# Novice looking to install a new CPU into an Acer Aspire 5515



## yargdpirate (Aug 7, 2009)

My Acer Aspire 5515 could use a bit more juice, so I was thinking of installing an AMD Athlon 64 X2 5050e Brisbane 2.6GHz dual core (found at http://www.newegg.com/Product/Produ...ogle-_-Processors+-+Desktops-_-AMD-_-19103298)

I've done some internet crawling and I'm pretty sure it has the right compatibility and power usage for my laptop, but any confirmation on that would be great. Any other related suggestions?

Also, what kinds of places typically install CPUs and how much can I expect to pay?

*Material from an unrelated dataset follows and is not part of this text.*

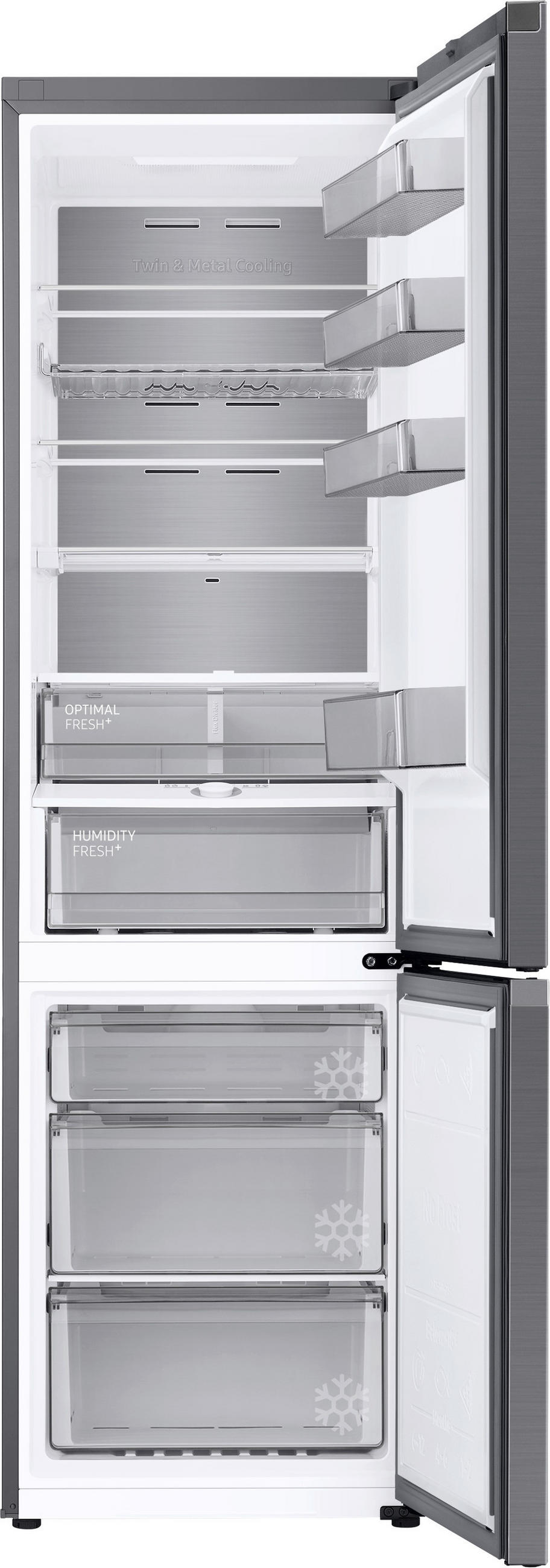 KÜHL-GEFRIER-KOMBINATION 59,5/203,0/65,8 cm RL38A776ASR/EG  - Edelstahlfarben, Basics, Glas/Kunststoff (59,5/203,0/65,8cm) - Samsung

Thanks for the help. :good::good:


----------



## johnb35 (Aug 7, 2009)

Newegg does not have any AMD mobile processors.  The processor you picked is for a desktop.  Some processors can't be changed, it all depends on the motherboard used.


----------



## Drastik (Aug 7, 2009)

yargdpirate said:


> My Acer Aspire 5515 could use a bit more juice, so I was thinking of installing an AMD Athlon 64 X2 5050e Brisbane 2.6GHz dual core (found at http://www.newegg.com/Product/Produ...ogle-_-Processors+-+Desktops-_-AMD-_-19103298)
> 
> I've done some internet crawling and I'm pretty sure it has the right compatibility and power usage for my laptop, but any confirmation on that would be great. Any other related suggestions?
> 
> ...



i wouldnt pay anyone to do it, installing a cpu is pretty straightforward just like installing ram, but its important to get the cpu paste part right, unless you have a retail version which will probably be easier


----------



## yargdpirate (Aug 7, 2009)

johnb35 said:


> Newegg does not have any AMD mobile processors.  The processor you picked is for a desktop.  Some processors can't be changed, it all depends on the motherboard used.

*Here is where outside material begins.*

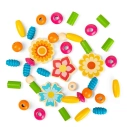Bigjigs Toys Sada drevených korálikov Summer Flowers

Any chips y'all can recommend for my acer aspire 5515, then?


----------



## johnb35 (Aug 7, 2009)

Contact Acer support for what processors can be used in the laptop.


----------



## 2048Megabytes (Aug 8, 2009)

It is unlikely you will be able to upgrade a processor, motherboard, or video card in a laptop, You can upgrade the memory or add a new Mini PCI card.  Laptops are very limited on what hardware you can upgrade.


----------



## Drastik (Aug 8, 2009)

Right, i forgot you were talking about a laptop. i would just contact the manufacturer and see what they say, if they say that they dont do it, then ask them if it possible, if they say it isnt, then just do it anyway if you really need to upgrade


----------



## MARAUDER2003 (Sep 1, 2009)

I have this laptop and let me tell you is the best deal for 2009. I got it for US 257 bucks. What many people don't know is that this laptop can be modded like there is no tomorrow. 
- It uses a AM2 desktop socket that you can update to any CPU that uses 45W or less so basically your X2 series BE or E versions. I installed a 5050e and it runs a bit hot but a good laptop cooler fixes that.
- You can update the mini pci express wireless card. I've been looking into a a/b/g/n intel card for 25 bucks (this laptop only has b/g). 
- Well, you can update the more obvious like ram and hdd. You can put a SSD or a 7200 rpm drive. I put a segate momentus 7200.4 320 gb since i could not afford the 500gb or the ssd. I haven't done anything scientific tests but it seemed like my battery life actually lasts longer with this drive. I also took out the 1gb ram stick and put in another 2gb so as to have 4gbs. 
- The weak point here is the power supply (65w) that you can easily upgrade to something like 100w, the stock one actually gets very hot even at stock configuration and theres been reports that the ps holds down this laptop when upgraded (i wonder if it will run the new 45w quad core cpus).
- Another weak point is the graphics card, it outdated by todays standards (X1200) but i'm only run non intensive games.
- With all this mods, you're at around 300-400 bucks (providing that you sell the items you took out the laptop on ebay), and for this dough, you're mopping the floor with those core 2 duos of equivalent price.  The only thing i didn't sell is the cpu because it's a 15w cpu than i'm gonna use in a very green server, yes, it's single core but for my needs is perfect. Hope this is of help

PS: You can run any Linux distro without any problems, WIN 7, vista and xp, i multi boot all of them with no problems (Fedora for linux).


----------